The specific mechanism through which Investing with Purpose generates community outcomes is an on-site asset ministry program embedded in the multifamily properties the firm operates. Free apartments are provided to on-site ministry staff, who run tenant engagement programming – movie nights, farmers markets, food truck events, and more frequent personal touchpoints including hospital visits for residents in need.

The business logic is not incidental. Tenants who have six or seven friends within the same complex are 45 percent less likely to move out, according to Libman. Lower turnover means lower vacancy, lower unit-refresh costs, and more stable cash flow. The ministry program functions as a retention and community-building mechanism with compounding economic effects.

“Ministry is the moat around the investment,” he says. “When people say impact is going to decrease returns, we think the opposite is true. Caring is a durable business advantage, not a disadvantage.”

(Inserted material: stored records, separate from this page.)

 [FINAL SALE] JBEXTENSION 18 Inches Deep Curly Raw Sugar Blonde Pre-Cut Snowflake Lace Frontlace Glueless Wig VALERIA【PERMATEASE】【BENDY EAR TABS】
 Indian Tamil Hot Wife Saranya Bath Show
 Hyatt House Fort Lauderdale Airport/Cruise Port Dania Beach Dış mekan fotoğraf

The faith dimension of the work is present but not imposed. Tenant engagement is service-first. Residents are not required to participate in religious programming or share the values of the operators. The mission is expressed through behavior rather than doctrine.

What Genuine Transparency Looks Like

One practical measure of whether a faith-based investment firm is operating with real alignment or surface-level branding is the quality and nature of its reporting. Libman’s firm sends investors not only the standard financial KPIs – net operating income, expense ratios, occupancy rates – but also a ministry impact report tracking how many residents were connected with community programming, how many received pastoral support, and how many on-site acts of care and service were recorded in a given month.

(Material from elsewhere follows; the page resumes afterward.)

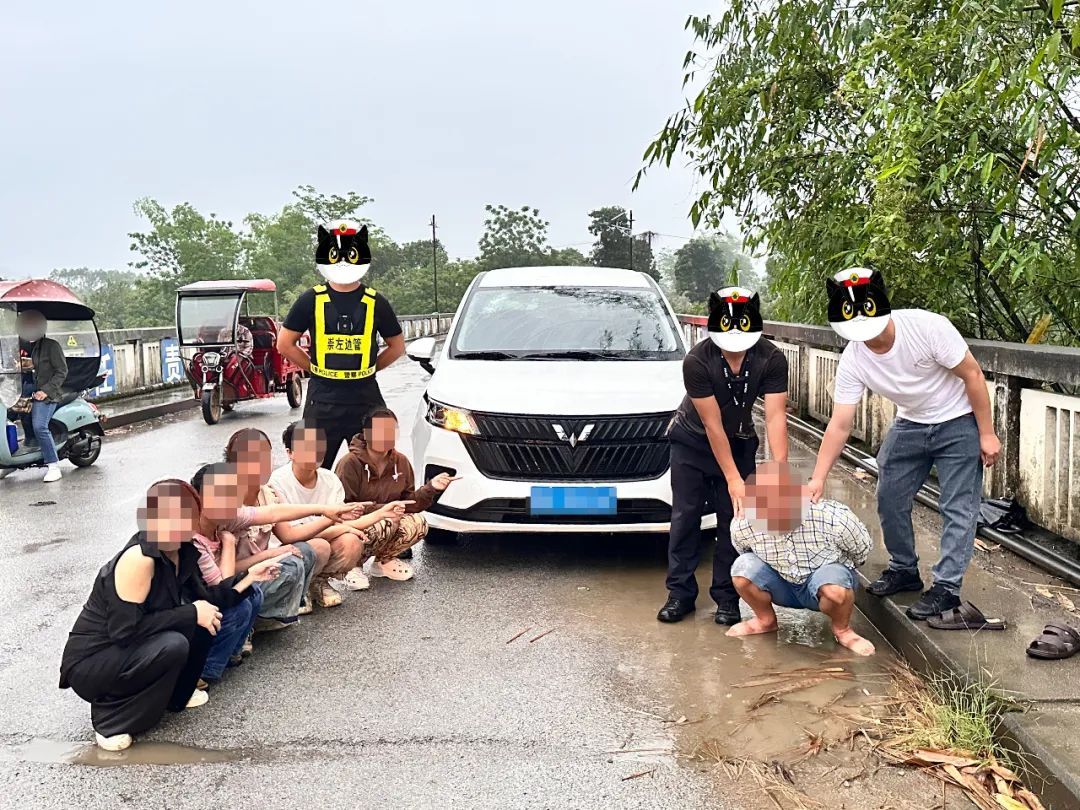 持枪警告!“偷渡车”妄图冲卡,民警一举擒获 持枪警告!“偷渡车”妄图冲卡,民警一举擒获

Investors are also invited on-site quarterly for serve days, a tangible mechanism for direct engagement with both the asset and the community it houses.

“Unlike your Wall Street investments, you can drive by it, touch it, feel it, actually see the impact that we are making, and actually be a part of that impact as well,” says Libman.

The transparency standard he describes stands in contrast to the opacity that characterizes much of the ESG sector, where fund methodologies are often difficult to evaluate and impact claims difficult to verify.

The Broader Investment Thesis

For investors who have not considered aligning their portfolios with their values, Libman’s framing is deliberately non-threatening. The entry point is often a straightforward appreciation of real estate as an asset class. Most people understand rental property. Most people understand that housing is a fundamental need. From there, the question becomes not whether to invest in real estate, but what kind of operator and structure best reflects your principles.

The faith-based label, in this framing, is not a constraint on returns. It is a signal about operational philosophy, community orientation, and the long-term nature of the relationships being built within the portfolio.

“We want to define it as, what are we building?” Libman says. “Every dollar that you invest is a vote for something. So when you deploy your capital, it is either going to build something you are aligned with or something that might be in conflict with your own values.”

In an era where investors are increasingly asking harder questions about where their money goes, that framing is less niche than it might have seemed a decade ago.


About Steven Libman: Steven Libman is the founder of Investing with Purpose, a faith-driven multifamily real estate firm. He has a 15-year history operating in the industry.

This article is based on information provided by the expert source cited above. It is intended for general informational purposes only and does not constitute legal, financial, or real estate advice. Readers should conduct their own research and consult qualified professionals before making any real estate or financial decisions.